Can my wife legally force my to sell the house we lived in and split the money?

03/26/2007 - Divorce - State: TX #2189

Full Question:

My ex-wife and I purchased a house 20 years ago before becoming legally married. We lived together for 10 years before getting married. We were married for 3 years and my wife told me she wanted a divorce and asked me to leave. I moved out and rented a apartment. Six months later she told me she did not want the house and was moving and if I wanted it I had better make the payments. She deserted the house taking everything including the light bulbs. This happened in the year 2000. I lived in the house for 6 years before getting a uncontested divorce. My ex-wife told me she wanted nothing and we signed the divorce papers with no arguments and nothing in writing. I have been married again for 4 months and my ex-wife called and said that she wants me to sell the house and divide the money 50/50. Does she have legal grounds? Nothing is mentioned in the divorce papers about the house or any personal property.

Answer:

In Texas, upon divorce the court's function is to enter a "just and right division" of the parties' property. There is no set formula or calculation for doing such. The court is limited generally by the type of property involved, it classification as to the nature of the property, and what the judge determines is a just and fair division.

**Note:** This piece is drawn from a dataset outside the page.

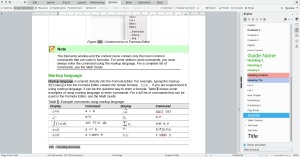 برنامج LibreOffice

The classification of the property is divided into two basic types. These are named: "separate property" and "community property." The court may never divide separate property, but must award it to the person who proves the property is his or her separate property. However, the court may consider the amount, extent and nature of each of the parties' separate property in dividing the parties' community property ( -- among other things such as fault in the breakup of the marriage, and the relative earning abilities of the parties to name but two).

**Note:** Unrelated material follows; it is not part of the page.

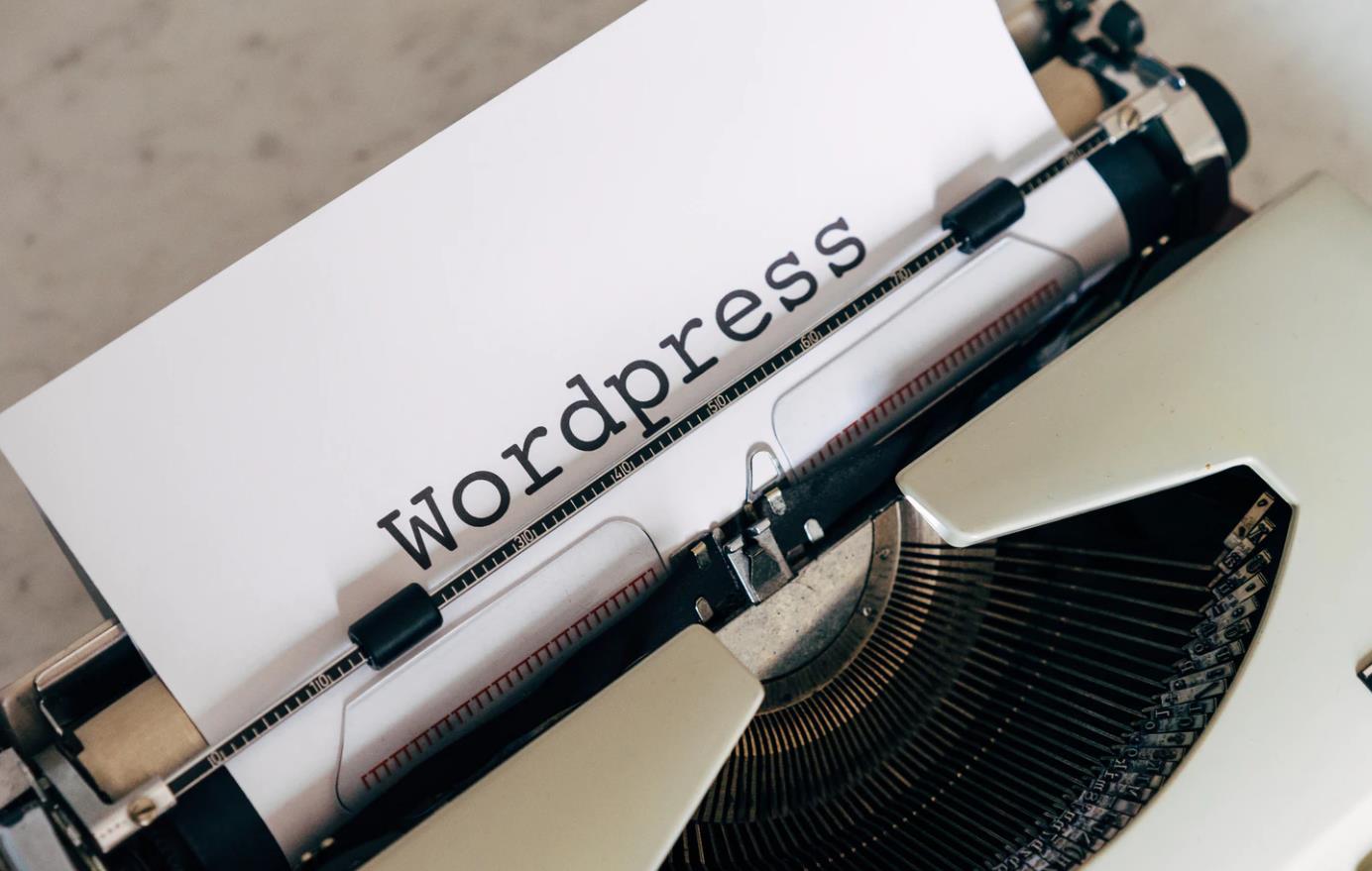 2021年WordPress建站份额已超过40%，为什么wordpress这么受欢迎？-悦然wordpress建站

Separate property is defined as: (1) property owned prior to the time of the marriage; or, (2) property acquired at anytime by gift or inheritance; or, (3) recoveries for personal injuries sustained at anytime (but lost wages which are recovered which would have been earned during the marriage are community property); or, (4) property exchanged for any property defined by nos. 1,2 or 3 above. Number one above is relatively easily understood. If you owned something prior to the marriage, it is your separate property. This will not help you much since you and your ex-wife bought the property jointly before you were married.

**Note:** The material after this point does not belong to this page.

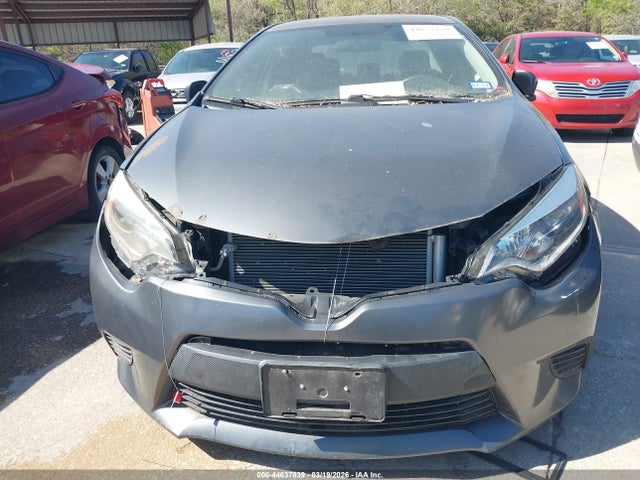 Toyota COROLLA LE 2014 2T1BURHEXEC121956 Image 6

Number two is also relatively easily understood. If someone gave you something as a gift, or if you inherited anything during the time of the marriage, it is your separate property.

Number three is somewhat more complicated. Recoveries for personal injuries sustained at anytime are considered separate property of the person who sustained the personal injuries. However, any recovery of wages (salaries, hourly wages, bonuses, etc.) which would have been earned during the time of the marriage is considered community property and subject to division upon divorce since this is money which would have been community property.

Community property is everything which is not "separate property." Regardless of whose name may be on the title, deed, insurance policy, share of stock or bank account -- to name but only a few things of property -- it is presumed community property and, unless this presumption is disproved by the other spouse, the property will be divided upon divorce.

Community property is often defined as property obtained or acquired by either of the parties during the time of the marriage -- as long as that property is not acquired by gift, inheritance, an award for personal injuries, or a mutation of other separate property. This includes wages earned, salary, bonuses, and any other thing of value received.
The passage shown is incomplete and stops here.